§ Required work:
Word for word, retype the lines from the one containing "Obraz premium Close-uo" to the one containing "Marker detail: Intersection" below, keeping both end lines and dropping the pictures.

§ Material provided:
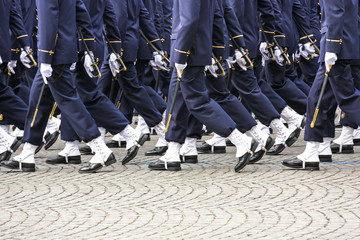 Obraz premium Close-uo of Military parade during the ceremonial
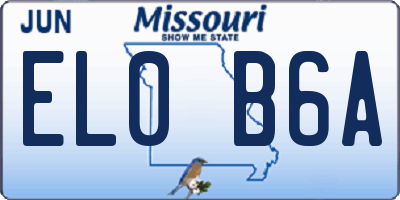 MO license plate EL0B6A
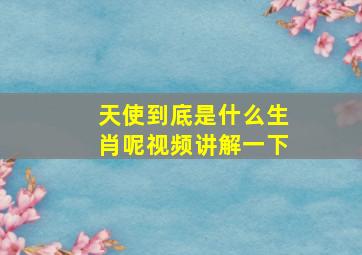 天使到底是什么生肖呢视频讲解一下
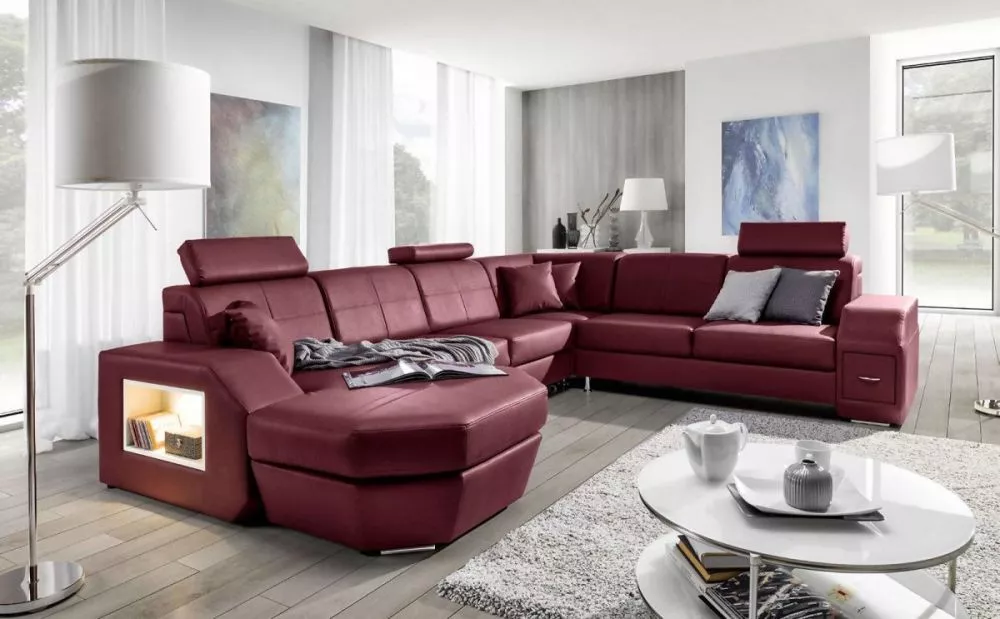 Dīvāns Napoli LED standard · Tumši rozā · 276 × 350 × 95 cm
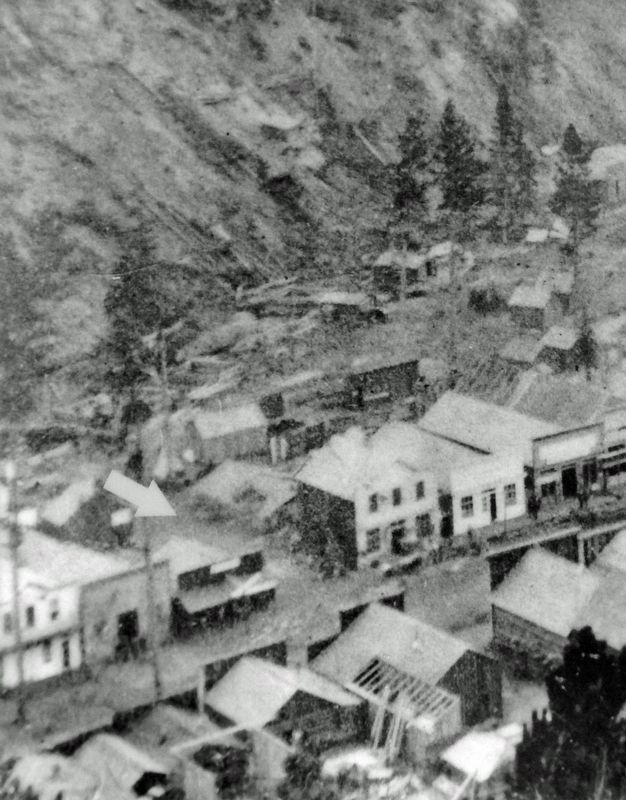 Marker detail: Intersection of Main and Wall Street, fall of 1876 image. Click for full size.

...

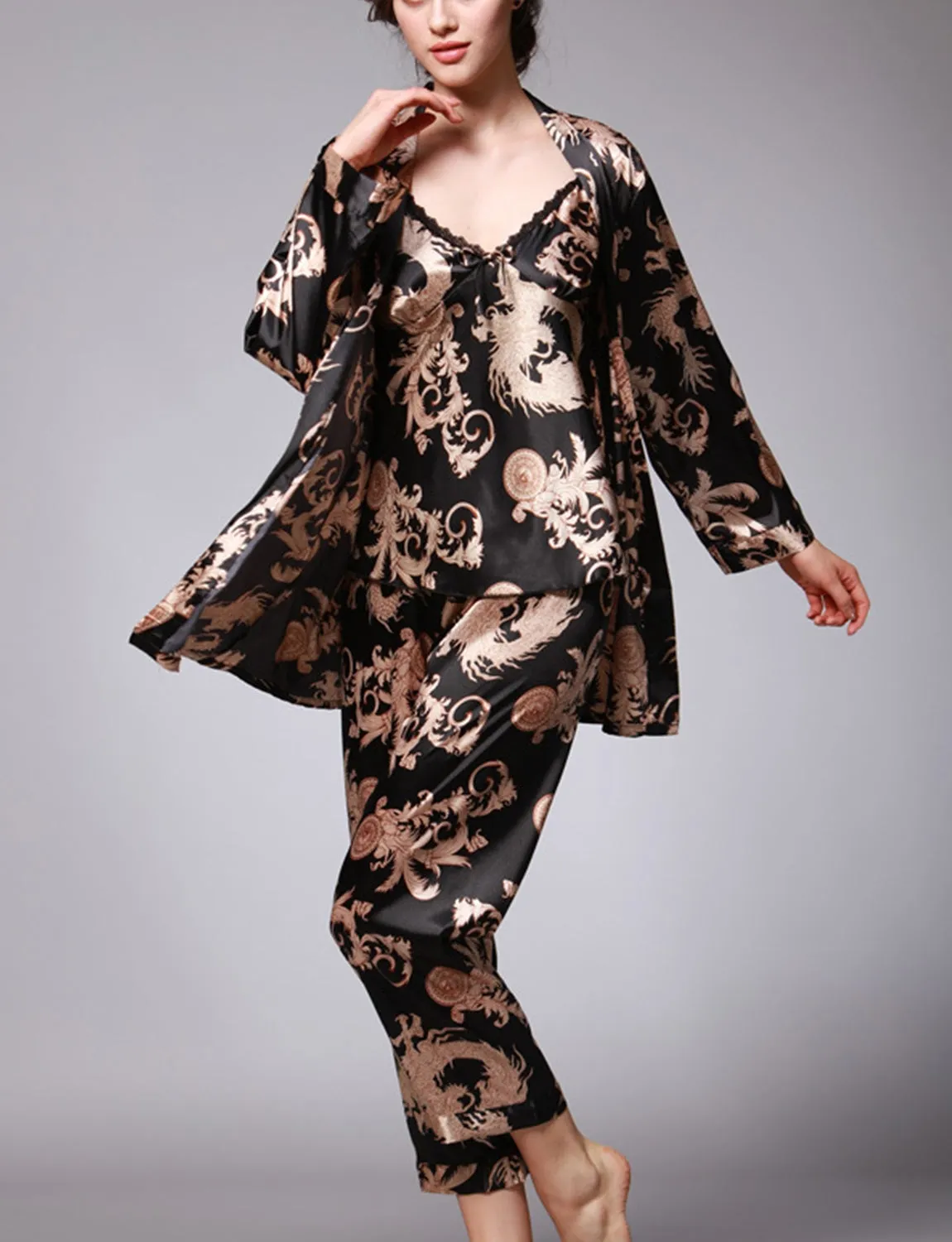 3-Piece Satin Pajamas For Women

§ Response to the exercise:
 Obraz premium Close-uo of Military parade during the ceremonial
 MO license plate EL0B6A
 天使到底是什么生肖呢视频讲解一下
 Dīvāns Napoli LED standard · Tumši rozā · 276 × 350 × 95 cm
 Marker detail: Intersection of Main and Wall Street, fall of 1876 image. Click for full size.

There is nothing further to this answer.